Ben Scofield

Ben Scofield

… rarely updated

14 Feb 2024

Conceptual graphs as understanding

Students struggle more in classes where they have less background knowledge of the subject. Research to expand an area of knowledge is significantly harder than learning. Careful metaphors are powerful tools to guide someone building an understanding of a new domain.

All three of these phenomena can be partially-but-usefully explained with a single, straightforward model. Say understanding is a conceptual graph; individual concepts densely linked by clear relationships. Building understanding, then, consists of adding nodes and relationships to your personal graph for the domain.

In a class where you don’t have sufficient background knowledge, your graph is sparse. You’re introduced to new concepts, but you don’t have a structure in which to place them, or other concepts with which to link them. You’re effectively lobbing nodes into an empty space.

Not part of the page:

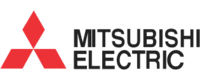 mitsubishi-ac-repair_mitsubishi-ac-service_mitsubishi-ac-installation_mitsubishi-ac-gas-filling-pk4211fwv50tvu7fho0j06h4da7d2njbe1icvthg68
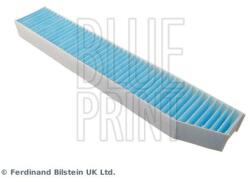 BLUE PRINT Filtru aer habitaclu / polen BLUE PRINT ADA102516 (ADA102516)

When you’re doing research at the edge of a domain, you presumably have the background knowledge – but you’re trying to identify novel concepts, and you only have relationships coming from one angle. If learning is the process of filling-in a known network, you have the benefit of relationships coming from many directions to help you triangulate the concept. In research, you’ve only got potential connections coming from one side, the current body of knowledge.

Metaphors can be thought of as overlaying different conceptual networks. You have an incomplete graph for the domain you’re trying to learn, and you have a more developed one for the metaphor’s domain; if you can find touchpoints – nodes that show the same sorts of relationships in each graph – then that can help you learn the new domain by showing you where there might be new concepts beyond those you’ve already integrated.